之後回到了哈爾濱,跟學校的老師商量請假。
「喔,找的什麼工作?」老師問。
「手機遊戲前端程式。」我說。
「遊戲啊…唉,年紀輕輕的乾點什麼不好,為什麼要販毒呢。」老師說。
我在十月份回到了上海,在公司報了到。
我租的房子在公司對面,一個酒店式公寓。上班步行十分鐘,其中五分鐘是等電梯。
不算加班費,實習期一個月工資3000。
房租1700。
算上廁所十平米。
畢竟上海,寸土寸金。
「住的怎麼樣?寬敞嗎?朝向好不好?」每當家裡人打來電話問我情況的時候我都不知道如何開口。
朝向好不好我也不知道。
因為壓根就他媽沒有窗戶。
我們項目組有個酷炫的不得了的名字,叫「守夜人」。
我一直以為是哪個領導看了《冰與火之歌》一時興起給我們起了這箇中二的名字。
直到後來我第一次加班到天亮才理解了這個名字背後的智慧。
給渠道出版本的時候整整一周都在凌晨下班。
回家拖地洗衣服洗澡。
折騰折騰就到三四點。
還好房間沒窗,不然剛躺下天就亮了。
程式設計師是個苦逼的職業,賺的多死得早就是說這些人。
那麼比程式設計師還苦逼的職業是什麼呢?
程式設計師實習生,賺的少死得早。
3000塊錢,真是得玩命啊。
畢竟我在一個羊雜湯都要15塊錢一碗的城市。
生活成本不算低。
那天我掐指一算距離發工資不到兩天,於是超市裡買了些日用品。
兩天之後我懷揣著激動的心情坐等人生中的第一桶金。
奈何人生不如意之事十之八九。
八九不離十。
公司人事上樓告訴我說實習生工資在半個月之後結算。
隨之而來的是世界五百強企業發給我的私人簡訊。
「尊敬的動感地帶用戶,由於預存話費不足,您的手機已單停……」
操。
於是我托房東幫我換了個更便宜的房間。
每個月可以省300塊。
返還的租金足夠我多撐幾天。
房間2m乘3.5m,依然沒窗。
馬桶是唯一的家具。
甚至床都沒有。
只有個硬的和直接睡地板沒區別的床墊。
房東說我那之前住的是個妹子。
我搬去的時候滿地垃圾和馬桶里散發的惡臭使我實在沒法相信這一點。
當我跪在廁所地上刷馬桶,被威猛先生嗆的直咳嗽,我覺得自己從未如此強大。
於是我便明白了,這世界上根本不存在「不會做」這回事,當你失去了所有的依靠的時候,自然就什麼都會了。
值得一提是我的新鄰居是個耳背的傻逼。
這個傻逼把電腦調到最大音量玩QQ鬥地主。
「鬥地主!」我就知道這傻逼在鬥地主。
「搶地主!」我就知道這傻逼在搶地主。
每天深更半夜電視開的巨他媽響,他看《康熙王朝》那幾天,一到凌晨四點多我就得「聽!鐵蹄錚錚!」
有天在公交上聽見了一句歌詞,是這麼唱的:
我希望每天有一百個鐘頭
一半跟你一起
一半去想你
我覺得這個作詞的人簡直是傻逼到家了,每天有一百個鐘頭竟然有空去幹這麼無聊的事情。
而我每天要上班,加班,複習期末考試,忙畢業設計,寫論文…媽的。
【三】
我去年十一月份回學校期末考試。
一共六科,過了五科,一個沒給我平時成績。
再回上海之後已經十二月了。

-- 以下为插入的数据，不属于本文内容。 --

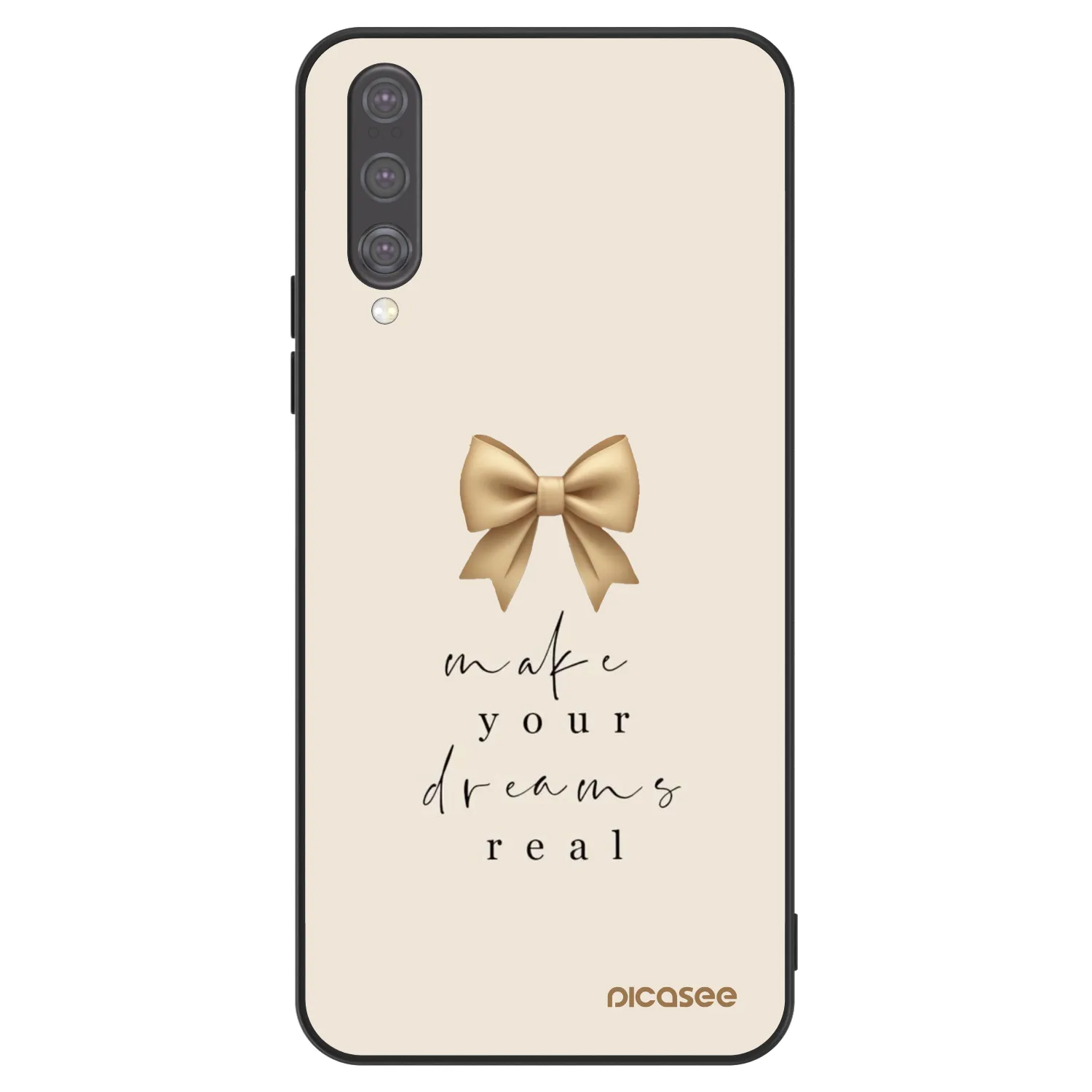 Picasee ULTIMATE CASE pro Huawei P20 Pro - Golden Dream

那時候我住的地方室內溫度在零上八度左右。
剛回上海哪天我第二天早上六點多鐘就起床去公司上班了。
並不是我勤奮是因為公司有空調。
後我在某電商買了一個電暖氣和一個電熱毯,全是最便宜的。
某電商快遞還是挺贊的,下午就到貨了。
當天晚上我打開電暖氣,給屋裡燒到十七八度,愉快的睡了一晚。
第二天發現一宿花了三十多塊錢電費。
我住的地方商業用電,一塊四一個字。
那是我到上海之後第一次開電暖氣,也是最後一次。
而電熱毯只有一米五,我一米八,只能保證半個身體不冷。
除此之外,我每天晚上要洗澡的時候,都要出門長跑六公里,跑出一身汗之後再洗澡,才不會凍得直哆嗦。
半個月後,腳踝跑廢了,看病花了200多。
恢復好了之後知道了跑之前先熱一下身。
上個冬天我基本每天除了跑步洗澡睡覺之外,都在上班或加班。
因為公司的空調,不用自己付電費。
另外那段日子公司的確很忙,年底了嘛…
出OB版本客戶端那幾天,我連續上了40個小時班之後,回去睡了一覺,又回來上了26小時班。

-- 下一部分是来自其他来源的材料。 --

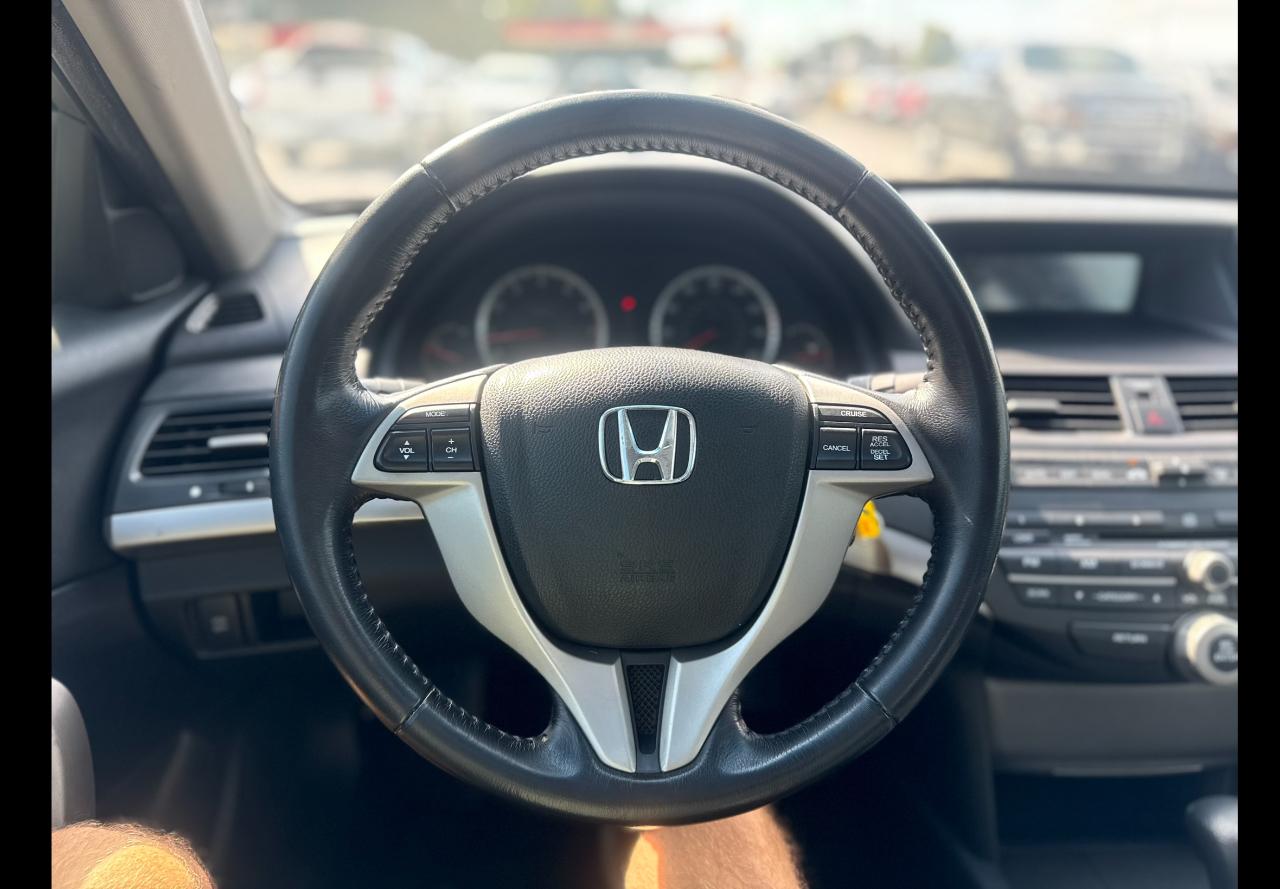 Honda Accord EX-L V-6 Coupe AT 2009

2015年一月份我工資開了3800多,二月份3600多,基本工資3000,加班費一天30封頂,感受下。
然而,平靜的生活下總有暗涌的波瀾,那是二月初的一天,我掐指一算也該買回城卷…啊不是,回家的機票,我才知道自己有多naive。
我覺得這個世界上一個東西最貴也就是全價的時候,然而那是我第一次看見春運十二折的機票。
回家1800多,往返3600多。
整個買票的過程中我的心一直在滴血,我不止一次冒出走回哈爾濱的想法。確定按鈕點下之後,我大學四年攢下的生活費和在實驗室賺的外快基本上就都交代了。
在我來上海之前,我想在自己身上做個實驗,試試我不花家裡給我的錢會不會在上海餓死。
當我坐著1800塊的經濟艙重新站在哈爾濱的土地上的時候我終於得出了結論:
餓不死,但會很慘。
【四】
春節放假之後我又回到了上海。
生活依舊操蛋,但我似乎已經可以在這種操蛋的生活中活的遊刃有餘。
我知道了熱水器要加熱多長時間水溫能剛好洗澡不至於燒的時間太長浪費電。
我知道了每天什麼時候出門上班才會剛好不遲到。
我知道了樓下便利店哪種口味的麵包好吃又便宜。
我知道了水果攤幾點之後草莓會賤賣。
我大概學會了不少東西。
四月的時候我又搬了一次家。從酒店式公寓辦了出去和同事合租,1300一個月,並且再不用掐著表燒洗澡水了。
我上個月末回哈爾濱清考加畢業答辯,走之前和公司的領導談了轉正的工資,五位數加獎金,沒有試用期回來就轉正。
雖然比不上知乎分分鐘幾十萬的成功人士,至少對我來說已經是個不錯的起點了。
你看,生活似乎也沒那麼糟糕了。
記得之前有天周末加班,中午我跟智哥在公司旁邊的路邊喝羊雜湯的時候,智哥加了我微信。
我看到了他聯繫人的名單裡面有好多這個圈子的大牛。
「我感覺我把你朋友圈的身價都拉低了。」我一邊喝湯一邊自嘲。